Panasonic "has the advantage of a relatively stable consumer appliance business

that is still generating positive margins", Matt Jamieson, Fitch's head of

Asia-Pacific, said in a conference call on Friday to explain its ratings

downgrades.

But at Sony, he added, "most of their electronic business are loss making, they

appear to be overstretched."

Japan's TV industry has been bested by cheaper, more innovative models from

Samsung Electronics and other foreign rivals, while tablets and smartphones

built by Apple Inc have become the dominant consumer electronics devices.

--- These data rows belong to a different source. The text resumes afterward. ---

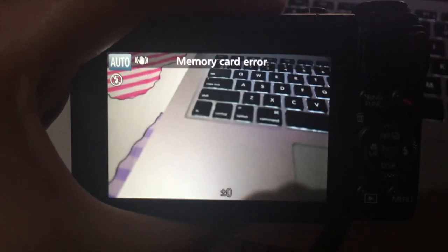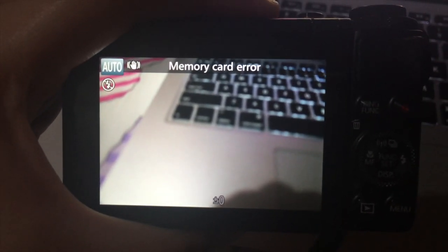Do you know what happened just now? I had this camera card error on my G7X, which is the camera that I'm using right now. I was trying to look it up on Google and on YouTube and I couldn't find the correct answer that I was looking for, so I decided to create a video — this might help you.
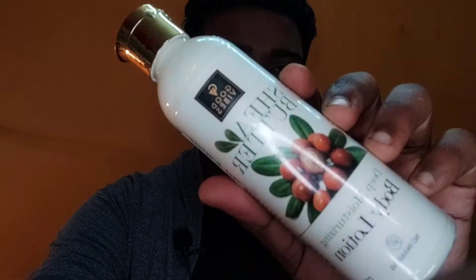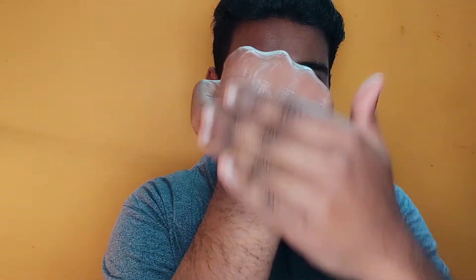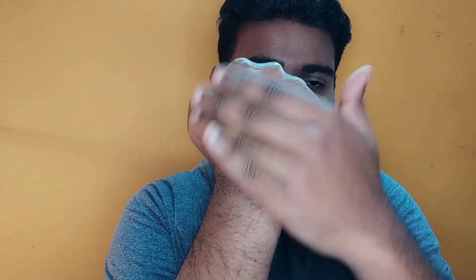The first product is Good Vibes — Shea Butter Deep Moisturizing Body Lotion. We use it very well. It is a paraben-free product. The second product is also good for the skin. It is a very light texture, and the packaging is very classy. The product is not very heavy — it absorbs into the skin. The fragrance is very mild, and it is very good.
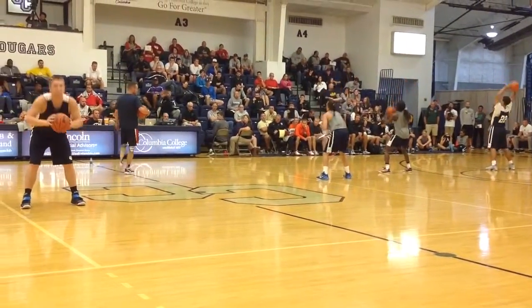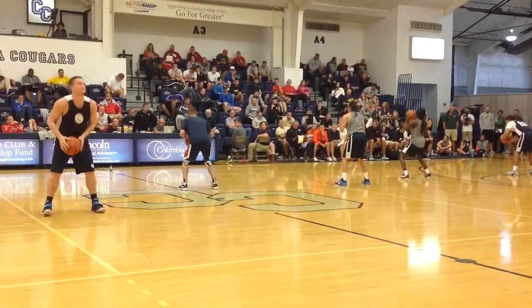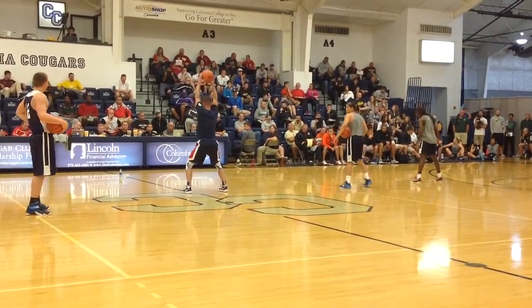Looking good, man. Looking really good. Now we'll stay up tall — I'm standing up tall from the waist up.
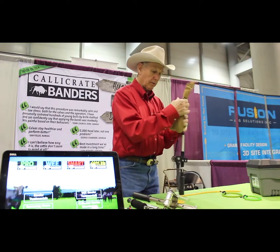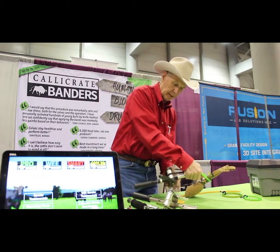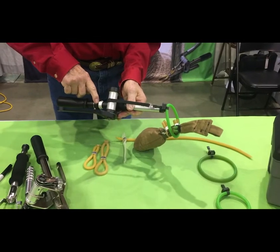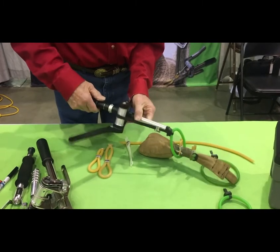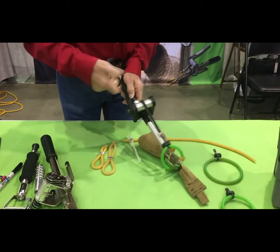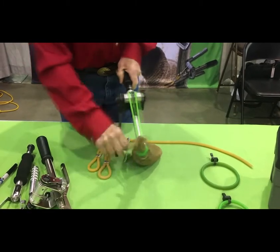So what we'll do is the same thing as we did with the other one, only this one the tension indicator is back here. This moves back to this silver ring. It's easy to see because you can see it in a full 360 degrees, and we'll tighten that exactly the same as we did the other one, and you can go just as fast.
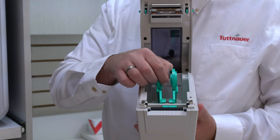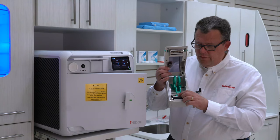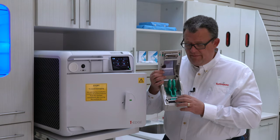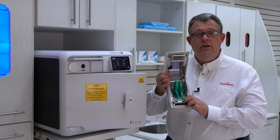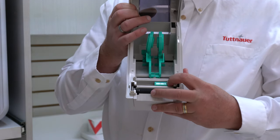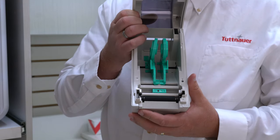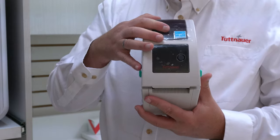Important to note that there's a little green button here, and that little green button is in the center when it's shipped out. If it's going to be a label, you're going to set this over to the right just one or two clicks. If it's going to be a printer for cycle history, you're going to push it over to the left one or two clicks.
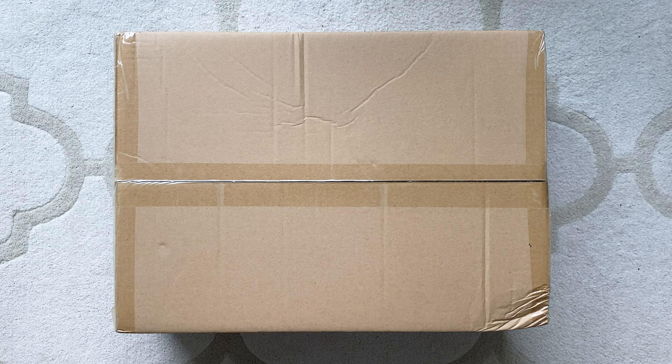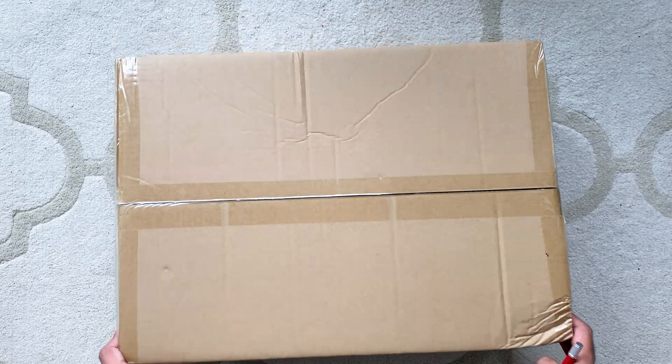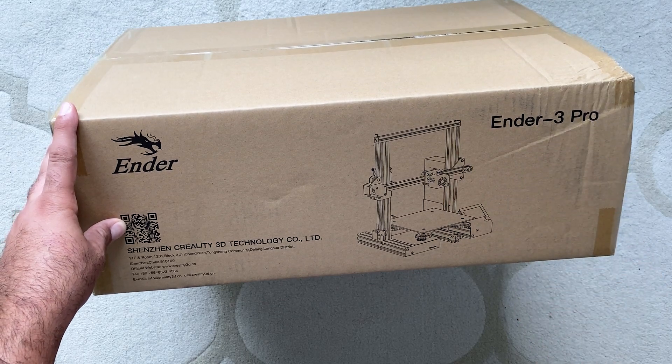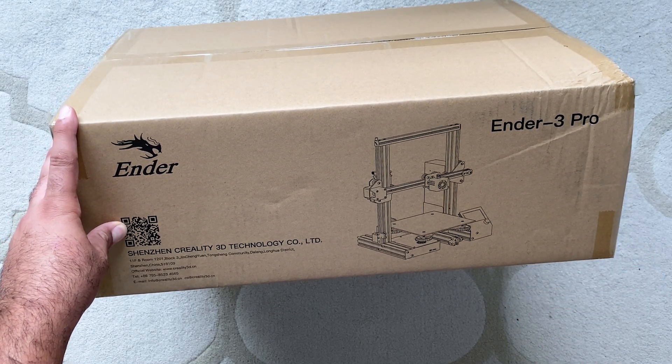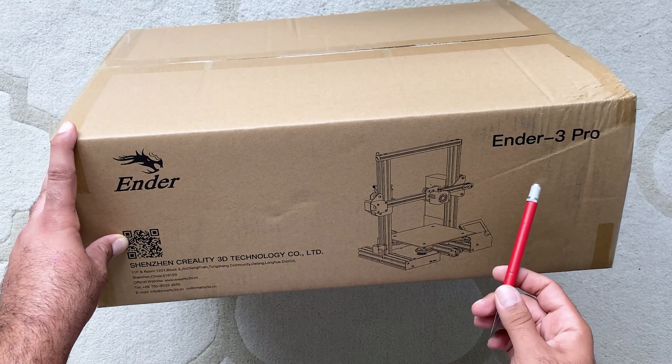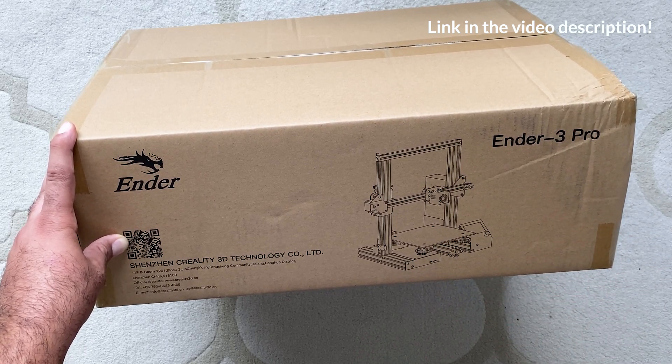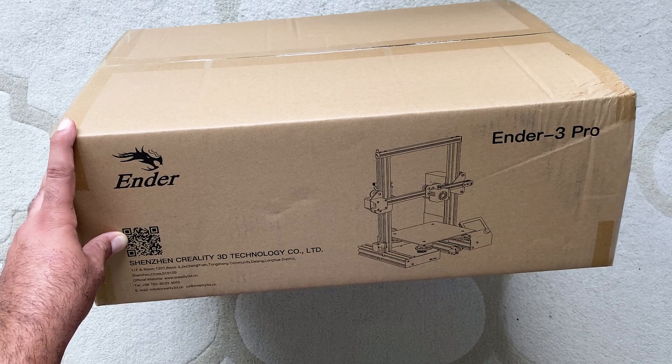Hey guys, Mangreal here and we just purchased our first 3D printer. This is the Ender 3 Pro, and even though there is now an Ender 3 version 2, we were able to pick this up on Amazon for a huge discount because it is the older model. Let's open it up and see what we have.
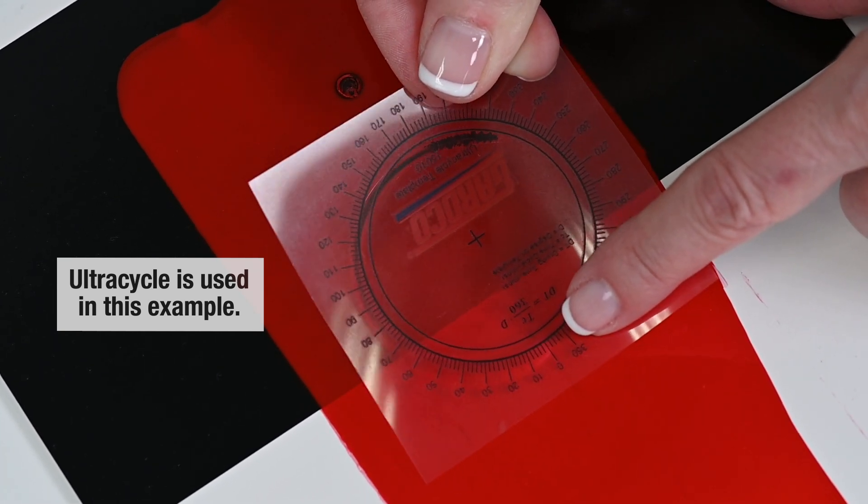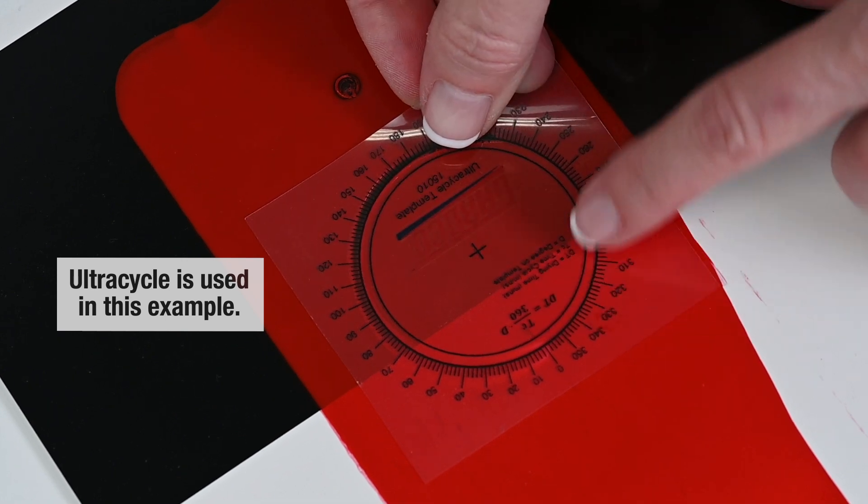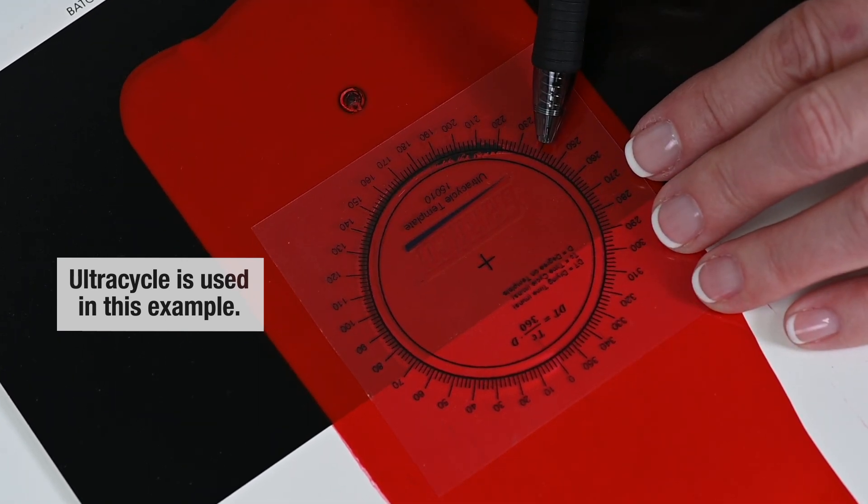Determine where the applied coating cured and note the time on the template to find the drying time.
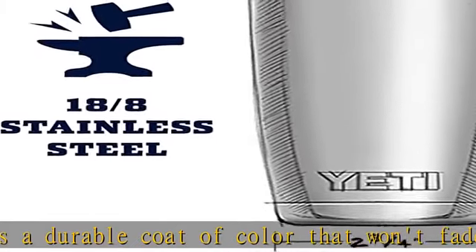Keeps cold drinks cold and hot drinks hot until the last sip. Check the description to get this product today at the best price.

Investors are focusing on the fate of Sony and Panasonic after another

struggling Japanese consumer electronics firm, Sharp Corp, maker of the Aquos

TV, secured a $4.6 billion bail-out by banks including Mizuho Financial Group

and Mitsubishi UFJ Financial Group.

Sony and Panasonic have chosen divergent survival paths.

Panasonic, maker of the Viera TV, is looking to expand its businesses in

appliances, solar panels, lithium batteries and automotive components.

Appliances amount to around only 6 percent of the company's sales, but they

generate margins of more than 6 percent and make up a big chunk of operating

profit.

Sony, creator of the Walkman, is doubling down on consumer gadgets in a bid to

regain ground from Samsung and Apple in mobile devices while bolstering digital

cameras and gaming.

The latest downgrades will curtail the ability of both Japanese companies to

raise money in credit markets to help fund restructurings of their business

portfolios.

For now, however, that impact is limited, given the support Panasonic and Sony

are receiving from their banks.

In October, Panasonic, which expects to lose $10 billion in the year to March

31, secured $7.6 billion of loan commitments from banks including Sumitomo

Mitsui Financial Group and Mitsubishi UFJ, a financing backstop it says will

help it avoid having to seek capital in credit markets.

Sony, which has forecast a full-year profit of $1.63 billion helped by the sale

of a chemicals business to a Japanese state bank, announced plans to raise $1.9

billion through a convertible bond before the latest rating downgrade.

Thomson Reuters' Starmine structural model, which evaluates market views of

credit risk, debt levels and changes in asset values gives Panasonic and Sony

an implied rating of BB minus. Sharp's implied rating is three notches lower at

B minus.

Standard & Poor's rates Panasonic and Sony at BBB, the second lowest of the

investment grade, while Moody's Investors Service has them on Baa3, the lowest

of its high-grade category. Moody's has a negative outlook for both firms while

S&P sees a stable outlook for Panasonic and a negative one for Sony.

Stock markets in Japan were closed on Friday for a national holiday.